Crawled caption data
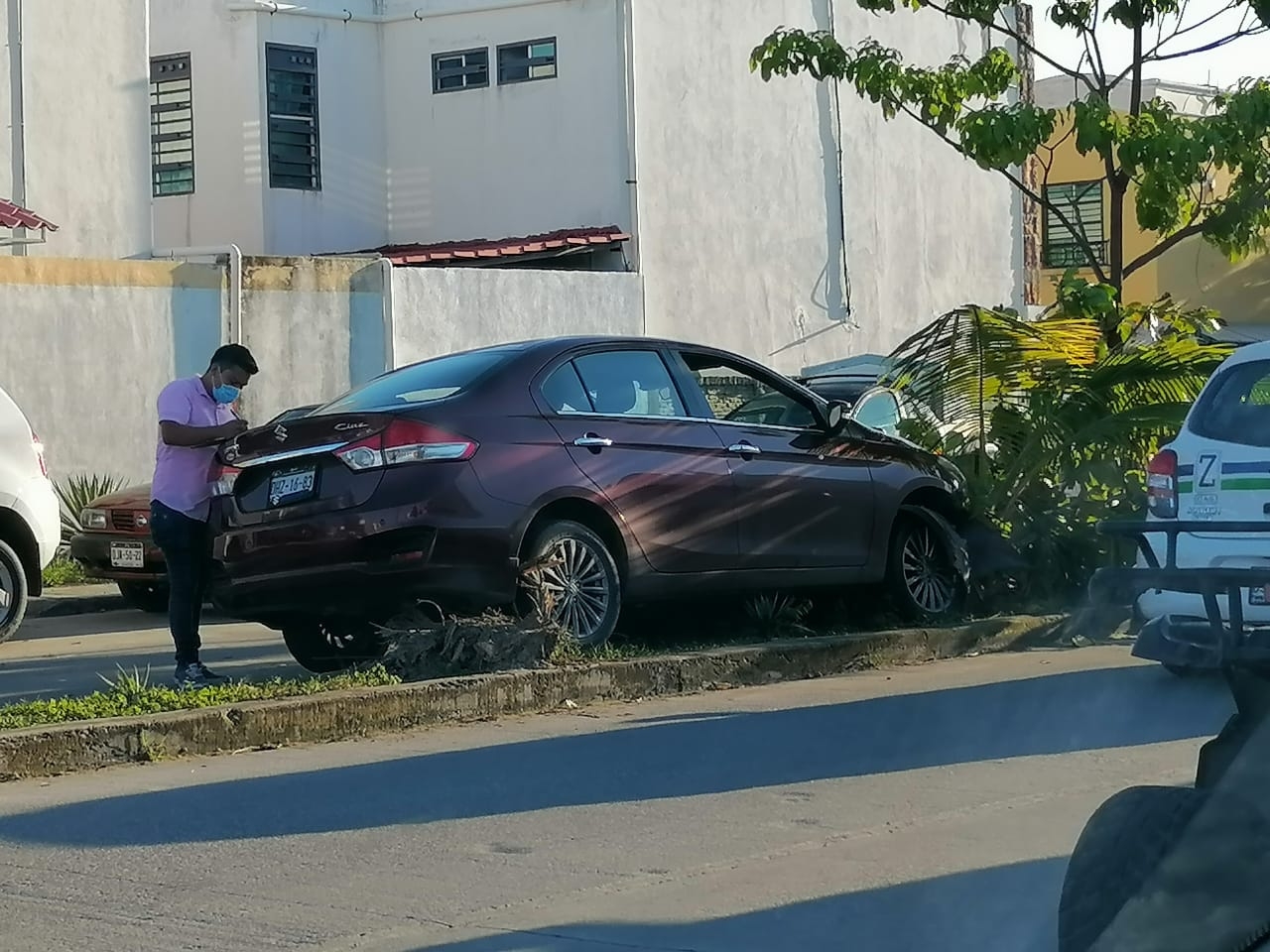 Conductor se impacta contra una palmera y la derriba en Ciudad del Carmen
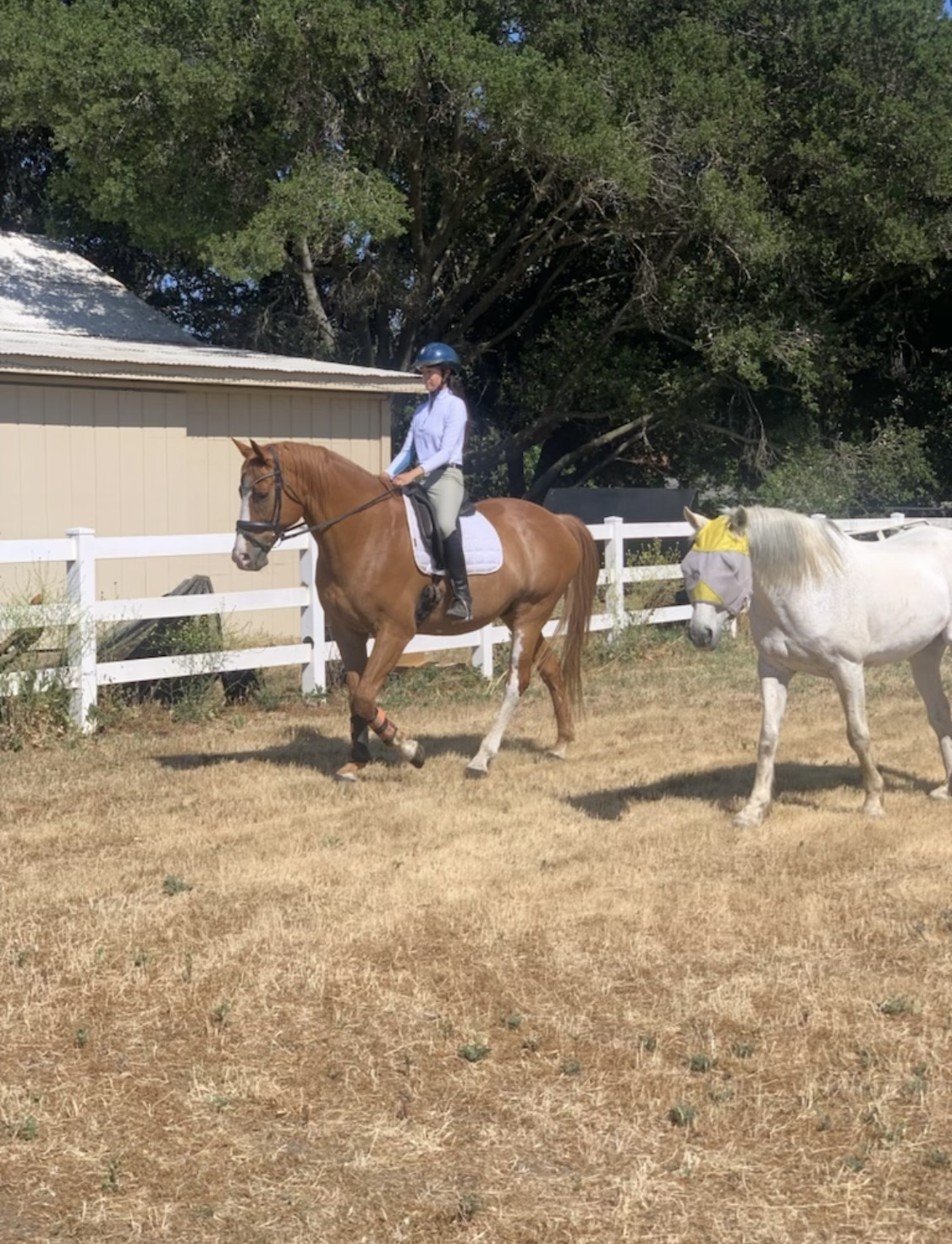 girl riding orange horse with grey horse following them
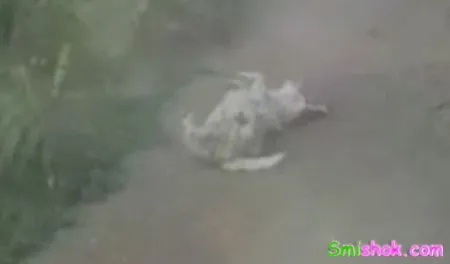 Пес який сам себе веселить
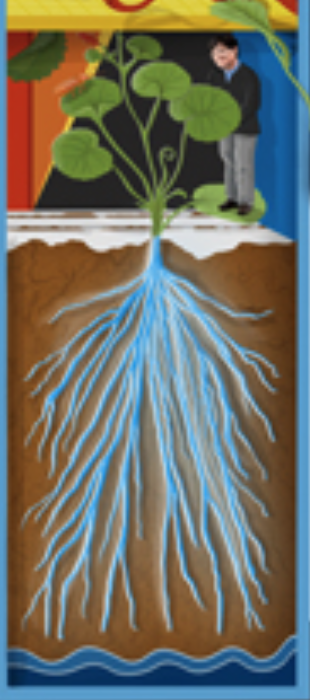 Screen Shot 2017-10-05 at 5.10.32 PM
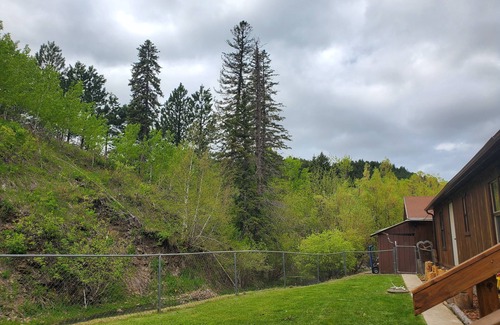 Deadwood House | PA's HOUSE; COMFY; PETS; DEADWOOD, MICHELSON TRAIL. UTV & EBIKE RENTAL; HWY 385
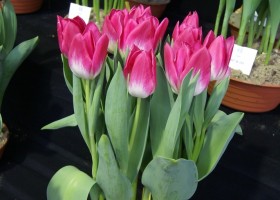 Tulipa Memphis (1)
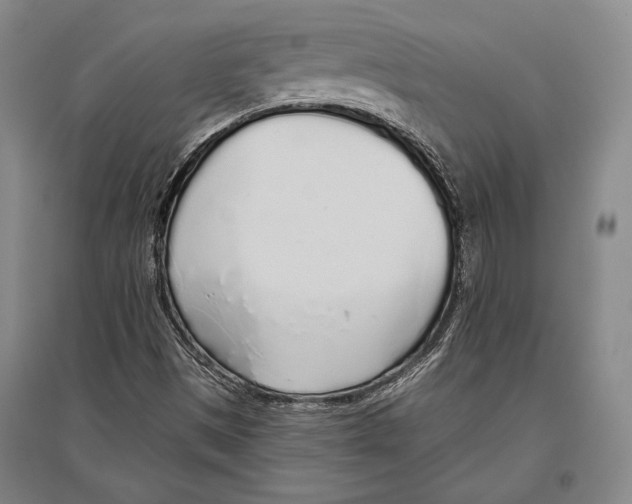 X0000096631497200803041052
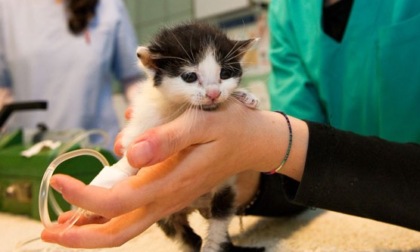 Il Comune cerca un'associazione per sensibilizzare contro l'abbandono degli animali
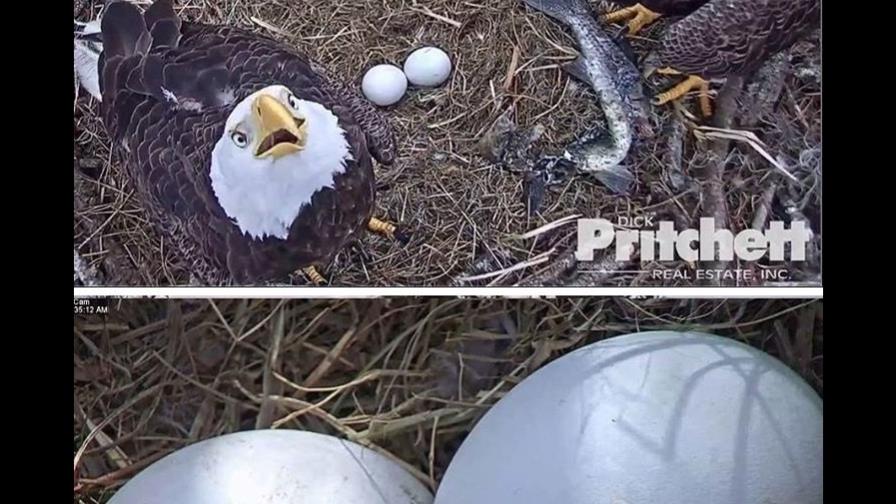 Transmiten cómo un águila incuba sus huevos para verlos nacer Transmiten cómo un águila incuba sus huevos para verlos nacer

Requirement:
Your copy should run from the line that has "Пес який сам себе веселить" through the last line above, exactly, with both ends in and pictures out.

Result of this exercise:
 Пес який сам себе веселить
 Screen Shot 2017-10-05 at 5.10.32 PM
 Deadwood House | PA's HOUSE; COMFY; PETS; DEADWOOD, MICHELSON TRAIL. UTV & EBIKE RENTAL; HWY 385
 Tulipa Memphis (1)
 X0000096631497200803041052
 Il Comune cerca un'associazione per sensibilizzare contro l'abbandono degli animali
 Transmiten cómo un águila incuba sus huevos para verlos nacer Transmiten cómo un águila incuba sus huevos para verlos nacer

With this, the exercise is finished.